Education Perfect (EP) meanwhile, is a Certified B Corporation – or B Corp –, meaning it is legally required to consider its workers, customers, community and environment to balance profit and purpose.

Also developed by former teachers, it sells a digital teaching and learning toolkit for schools, and claims to be used by more than a million students, 50,000 teachers and more than 3000 schools around the world.

Former RMIT Online chief executive and Etsy Australia and Asia managing director Helen Souness, who is chair of EP’s board, said the addition of EA’s assessment capabilities to EP’s existing teaching content and data analytics capabilities would greatly expand the services it could offer existing and new clients, as it planned global expansion.

“We’ve been in touch with Andrew for a long time, and had conversations, building to this over the past year … I was in one of the first meetings and what we saw was a really brilliant fit,” Ms Souness told the Financial Review.
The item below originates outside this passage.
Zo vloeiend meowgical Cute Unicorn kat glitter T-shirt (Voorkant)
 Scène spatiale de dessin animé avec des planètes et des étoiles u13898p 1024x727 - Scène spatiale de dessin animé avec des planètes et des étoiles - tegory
“Essential Assessment is incredibly strong in primary schools, while we are absolutely the market leader in middle school and moving into senior, and we saw this wonderful fit … also in culture, with a very a strong focus on teachers.”

The move into the tech entrepreneurial realm has paid off handsomely for Mr Spitty, who said he initially worked on EA as a side hustle, while he kept teaching in Kerang until 2015.

He hired his brother Troy at the start of the company as an independent contractor on an “as needed” basis to build a basic website and other components as they arose. A year after leaving teaching to work on EA full time, Mr Spitty hired Troy as a full-time employee.

Mr Spitty said it wasn’t an easy call to leave teaching, but he saw the opportunity ahead of him once he started building EA, which he said has been profitable since very early in its life.

“I taught at Kerang Technical High School from 2011-2015 and I phased out teaching as the financial capacity of Essential Assessment increased to take over my teacher’s salary,” he said.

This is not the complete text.